Autre argument : « Les lois rectificatives ne valent que pour l’année en cours, c’est écrit noir sur blanc dans la Constitution et cela a encore été confirmé par le Conseil d’État, il y a un an, ajoute Paul Cassia, de l’université Panthéon-Sorbonne. Ce texte aura des effets permanents et a pour objectif déclaré de limiter des déficits en 2030, il y a donc clairement un détournement de procédure. »
Si malgré tout le Conseil constitutionnel refuse de censurer le texte, il créera alors une jurisprudence très problématique : « Après cela, à chaque fois qu’un gouvernement voudra faire une modification sur la politique sociale, il pourra utiliser ce véhicule législatif, réduire les débats et utiliser le 49.3 », s’inquiète Bastien François.
2- Les retraites ne peuvent être réformées par un texte budgétaire
Avec le PLFRSS, le détournement de procédure est flagrant, d’autant plus qu’on sait que le choix de ce véhicule législatif a été dicté par l’opportunité de réduire à cinquante jours les débats parlementaires et d’user à loisir du 49.3.
Ce qui s’applique également pour un texte budgétaire tout court, « dont la procédure est dictée par l’urgence de voter un budget en fin d’année avant le 1er janvier », précise Benjamin Morel, maître de conférences à l’université Paris-II. En dénonçant cette manœuvre, une censure des arbitres constitutionnels impliquerait que la réforme ne soit reconduite qu’à travers une loi ordinaire et non un futur PLFRSS.

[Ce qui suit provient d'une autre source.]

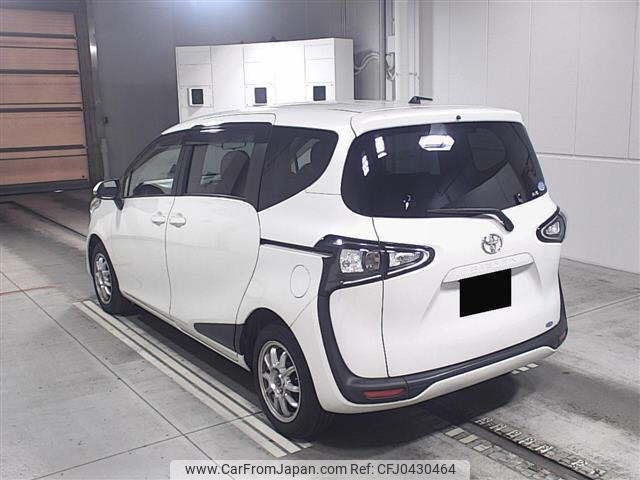 toyota sienta 2019 -TOYOTA--Sienta NSP170G-7206961---TOYOTA--Sienta NSP170G-7206961- image 2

Paul Cassia met également en avant l’article 34 de la Constitution selon lequel « les principes fondamentaux de la Sécurité sociale » ne peuvent être modifiés que par une loi ordinaire. Le Conseil constitutionnel pourrait alors estimer que l’âge légal de départ à la retraite en fait partie, et censurer au minimum l’article 7.
3- Des articles sans lien avec le vote d’un budget
Le strict minimum. Si les sages ne rejettent pas l’ensemble du texte, il paraît improbable, selon les juristes, qu’ils ne censurent pas certains articles n’ayant aucun lien avec un texte budgétaire. « C’est certain qu’ils vont rejeter les cavaliers sociaux, comme ils l’ont toujours fait, détaille Benjamin Morel. Cela concernerait au moins l’index senior et le CDI senior car c’est impossible de prouver qu’ils auront un impact financier. L’article sur la suppression des régimes spéciaux pourrait aussi sauter. »

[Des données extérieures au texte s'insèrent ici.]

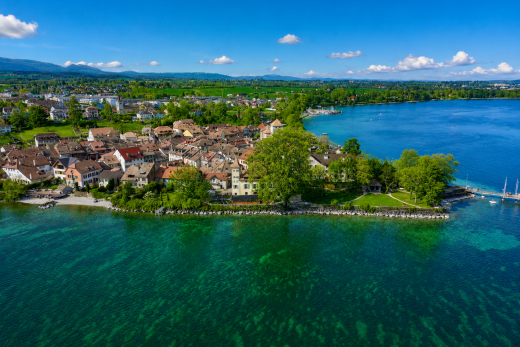 vue sur la mer avec aerial view, day time, vue sur l'eau, et water view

Laurent Fabius lui-même va dans ce sens. Dans le Canard enchaîné, en janvier, le président du Conseil constitutionnel indiquait que l’index senior et même les modifications sur « les critères de pénibilité ne relèvent pas du PLFRSS » et nécessiteraient « un deuxième texte ».
4- 47.1, 49.3, 1 200 euros... des débats insincères
C’est l’autre grande possibilité de censure totale du texte. « Le Conseil va se demander s’il n’y a pas eu une accumulation de dispositifs qui ont rendu illisible et insincère le débat parlementaire », explique Benjamin Morel.
La liste est longue : le 47.1 qui oblige le Parlement à examiner au pas de charge, l’irrecevabilité contestable de nombreux amendements, le vote bloqué (44.3), la réduction du temps de débat des orateurs au Sénat, le 49.3...
« Pour toutes ces raisons, les débats ont manqué au principe constitutionnel de clarté et de sincérité, ce qui devrait pousser le Conseil à censurer, tranche Dominique Rousseau. On peut aussi évoquer les mensonges du gouvernement sur la pension minimale à 1 200 euros et le fait que l’Assemblée n’ait pas voté le texte, ni même les articles, sauf deux. »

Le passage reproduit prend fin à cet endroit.